**Problem requirements**
What this exercise calls for is an exact copy of the data.

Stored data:
====
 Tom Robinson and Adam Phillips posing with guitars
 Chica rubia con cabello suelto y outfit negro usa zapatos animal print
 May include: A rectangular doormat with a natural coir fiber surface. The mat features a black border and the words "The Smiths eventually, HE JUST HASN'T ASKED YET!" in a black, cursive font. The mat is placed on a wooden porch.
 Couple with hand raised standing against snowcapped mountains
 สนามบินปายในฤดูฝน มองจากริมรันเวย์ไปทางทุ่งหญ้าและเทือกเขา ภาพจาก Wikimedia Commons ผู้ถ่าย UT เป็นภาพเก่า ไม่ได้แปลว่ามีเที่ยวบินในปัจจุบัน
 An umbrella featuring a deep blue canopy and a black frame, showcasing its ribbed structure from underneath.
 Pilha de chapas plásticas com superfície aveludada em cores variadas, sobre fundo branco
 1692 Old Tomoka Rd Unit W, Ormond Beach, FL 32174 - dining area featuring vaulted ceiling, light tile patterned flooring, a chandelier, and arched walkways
====
**Reply**
 Tom Robinson and Adam Phillips posing with guitars
 Chica rubia con cabello suelto y outfit negro usa zapatos animal print
 May include: A rectangular doormat with a natural coir fiber surface. The mat features a black border and the words "The Smiths eventually, HE JUST HASN'T ASKED YET!" in a black, cursive font. The mat is placed on a wooden porch.
 Couple with hand raised standing against snowcapped mountains
 สนามบินปายในฤดูฝน มองจากริมรันเวย์ไปทางทุ่งหญ้าและเทือกเขา ภาพจาก Wikimedia Commons ผู้ถ่าย UT เป็นภาพเก่า ไม่ได้แปลว่ามีเที่ยวบินในปัจจุบัน
 An umbrella featuring a deep blue canopy and a black frame, showcasing its ribbed structure from underneath.
 Pilha de chapas plásticas com superfície aveludada em cores variadas, sobre fundo branco
 1692 Old Tomoka Rd Unit W, Ormond Beach, FL 32174 - dining area featuring vaulted ceiling, light tile patterned flooring, a chandelier, and arched walkways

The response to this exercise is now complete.